(Saved data entries)
○ ○ ○ ○
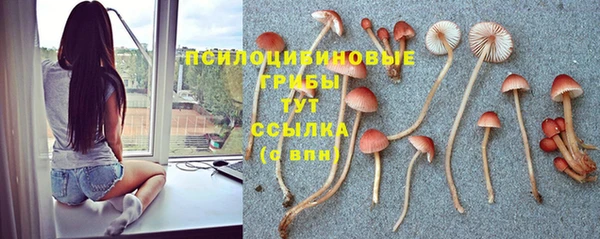 стаф Алзамай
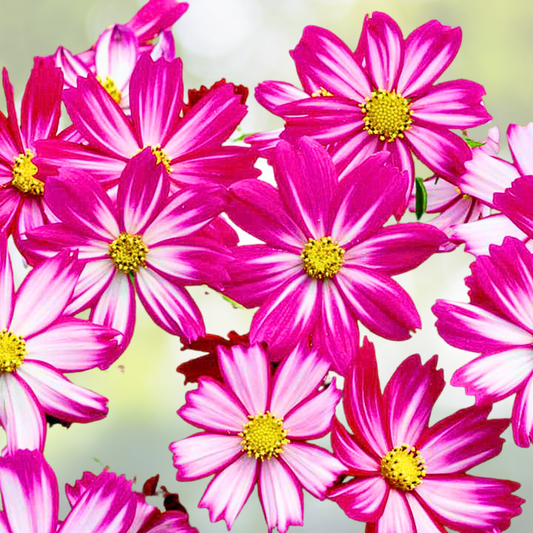 Cosmos Seeds - 100 Non-GMO Red Stripe Bi-Colored Flowers for Pollinators and Butterflies - Cosmos bipinnatus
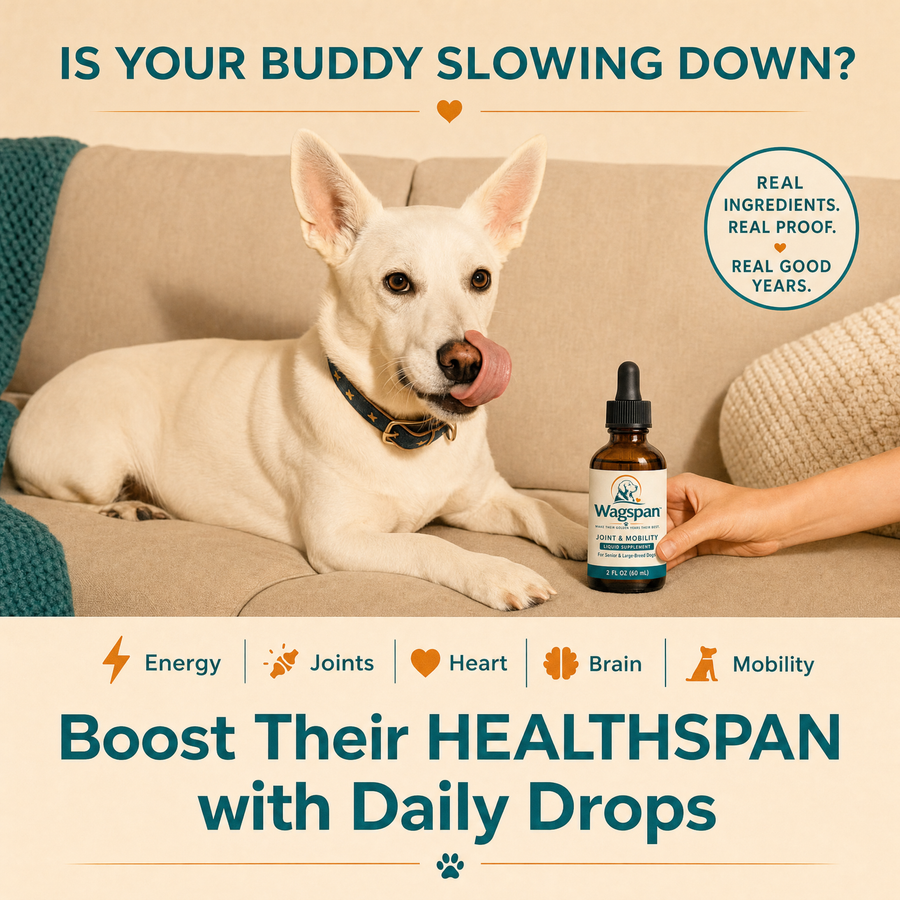 Wagspan Joint & Mobility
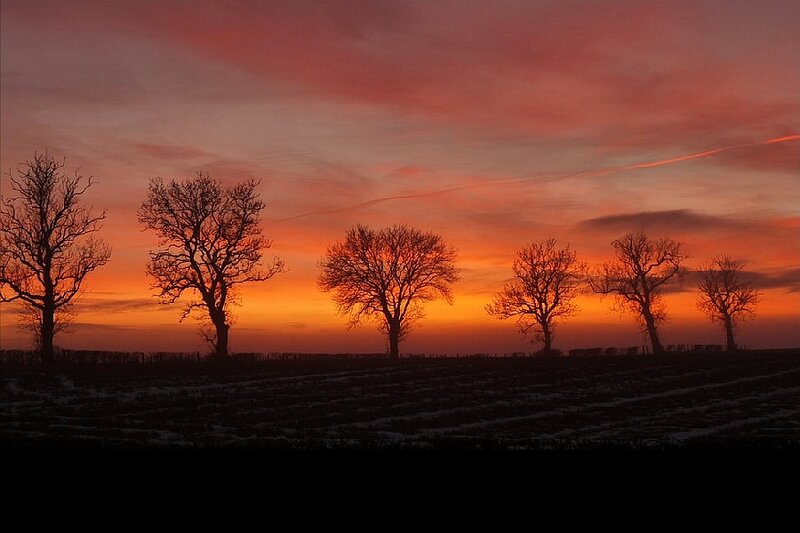 Silhouetted Trees at Sunset — Orange, Dramatic, Photograph, Field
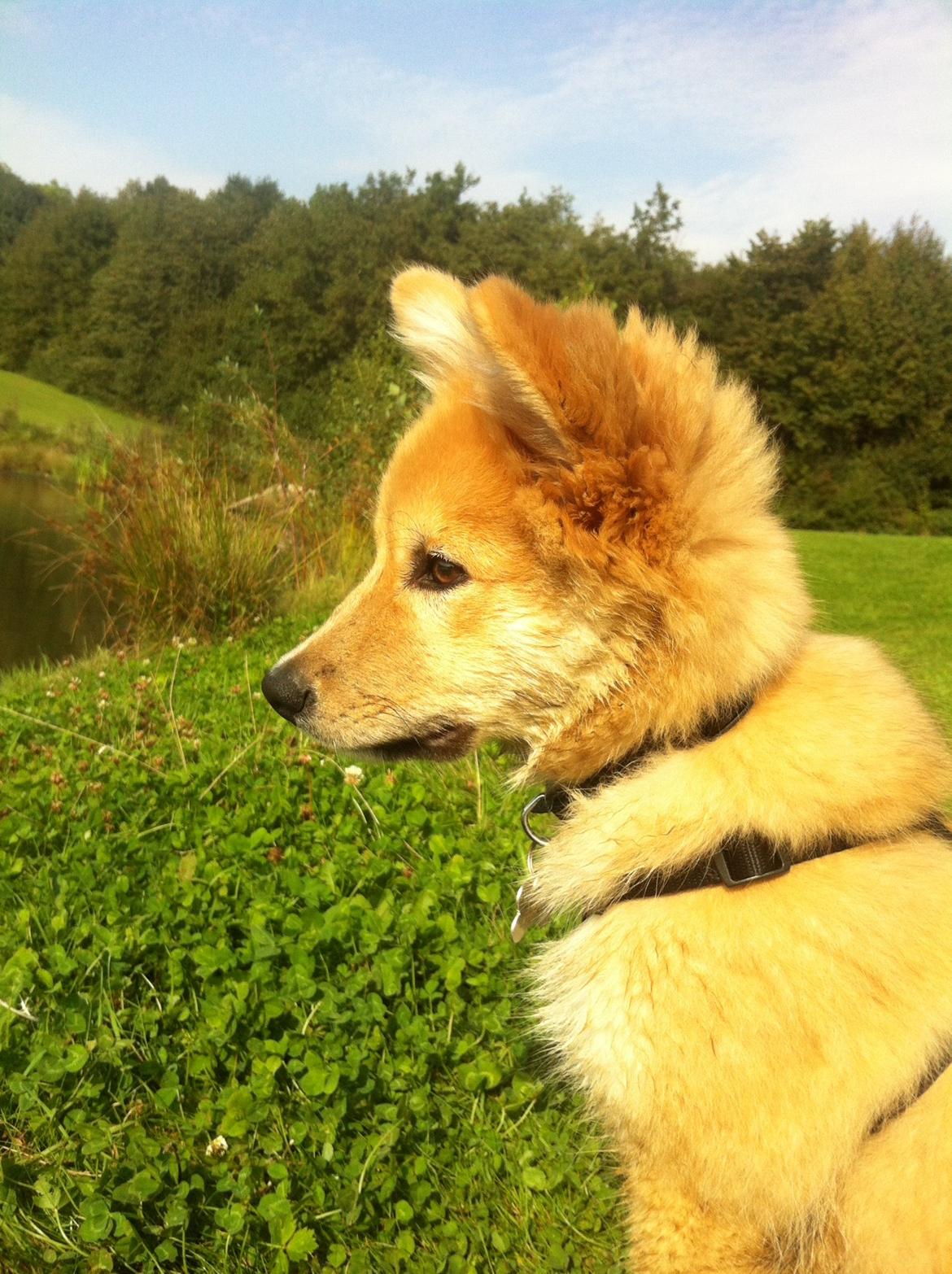 Islandsk fårehund Viggo billede 4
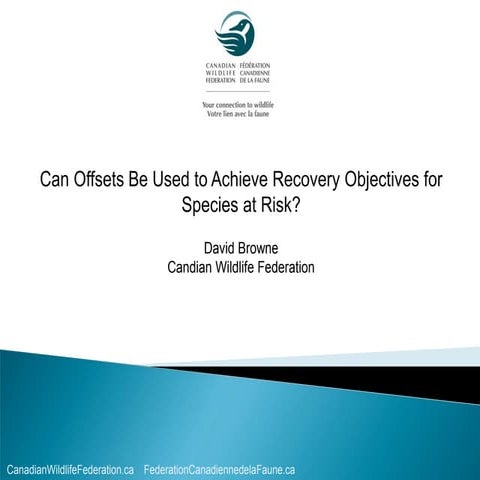 Can Offsets Be Used to Achieve Recovery Objectives for Species at Risk?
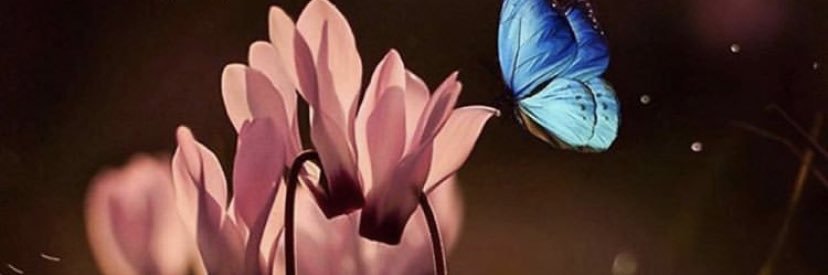 chocolet99's profile banner image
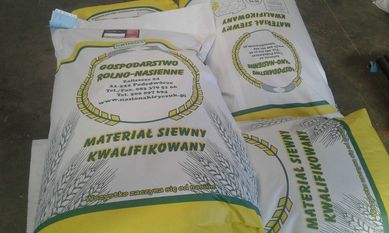Materiał Siewny Kwalifikowany Zbóż Jarych- Zaprawiony Wiosna 2024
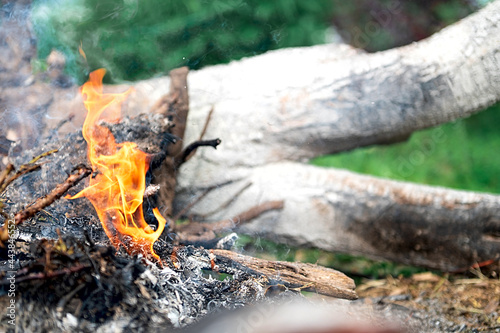 a tree is burning in the spring in the garden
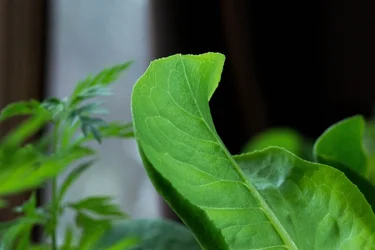 $leaf.webp $leaf.webp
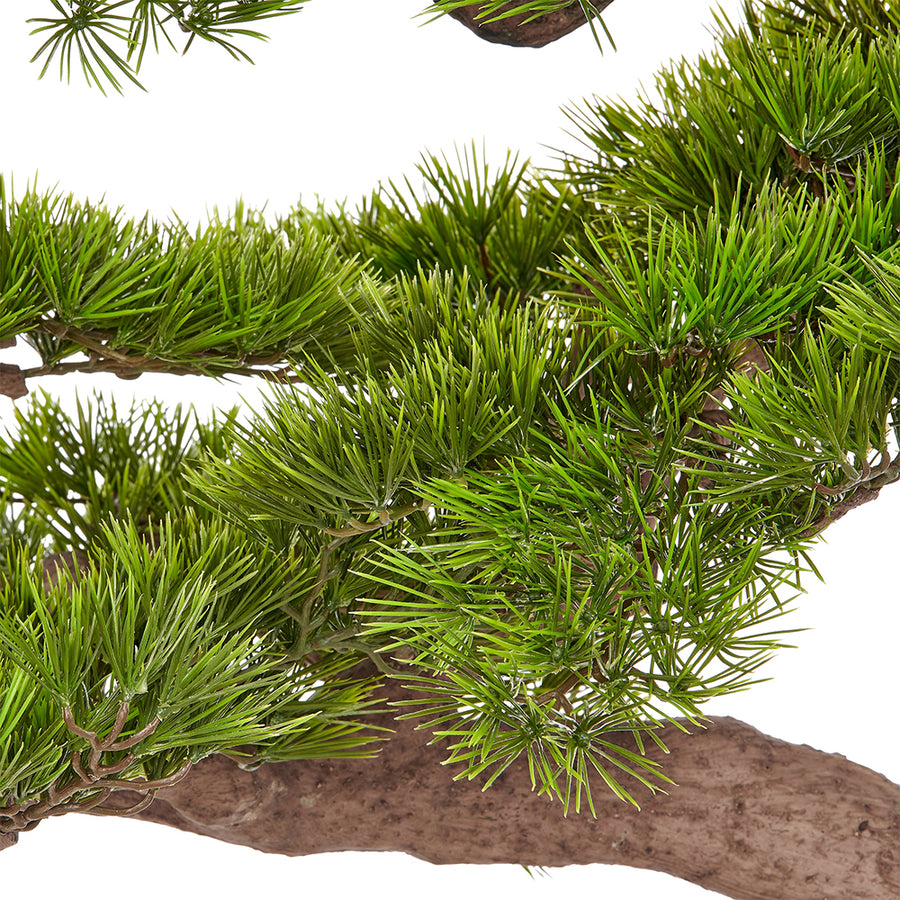 BONSAI PINUS óriás mű bonsai fa zöld fenyőtűs lombjának közeli részlete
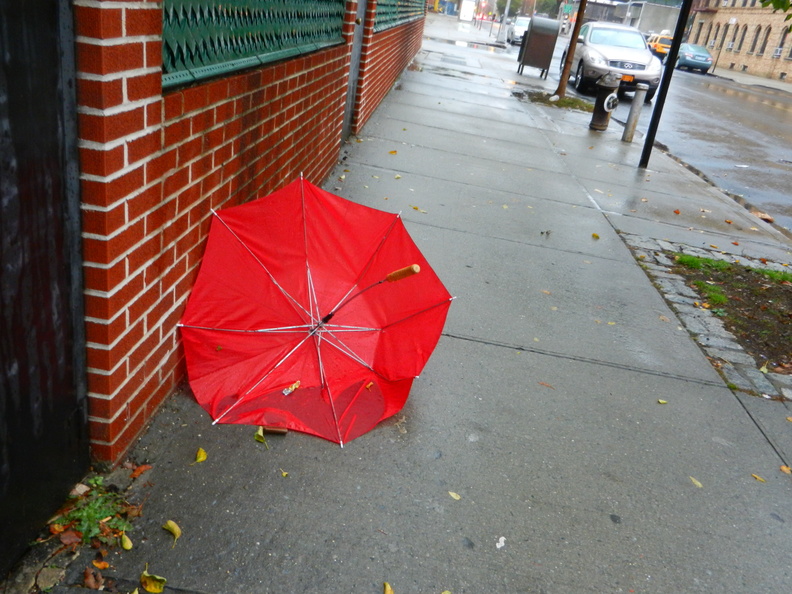 Discarded Umbrella Carcasses, NYC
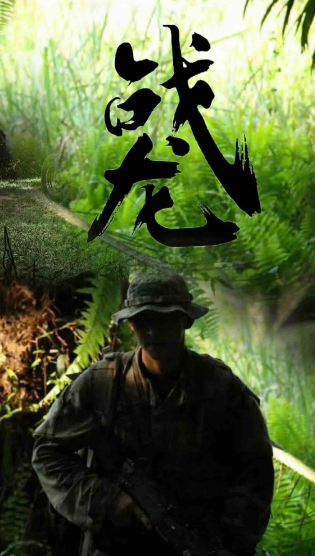 战龙封面图
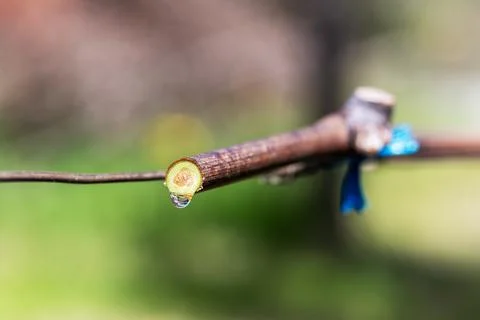 Drops of sap on vine branches in spring. Agriculture. Stock Photos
○ ○ ○ ○
Output an exact copy of the lines from the one with "Islandsk fårehund Viggo billede 4" through the closing line of the records, inclusive, without any images.

Response to this task ::
 Islandsk fårehund Viggo billede 4
 Can Offsets Be Used to Achieve Recovery Objectives for Species at Risk?
 chocolet99's profile banner image
Materiał Siewny Kwalifikowany Zbóż Jarych- Zaprawiony Wiosna 2024
 a tree is burning in the spring in the garden
 $leaf.webp $leaf.webp
 BONSAI PINUS óriás mű bonsai fa zöld fenyőtűs lombjának közeli részlete
 Discarded Umbrella Carcasses, NYC
 战龙封面图
 Drops of sap on vine branches in spring. Agriculture. Stock Photos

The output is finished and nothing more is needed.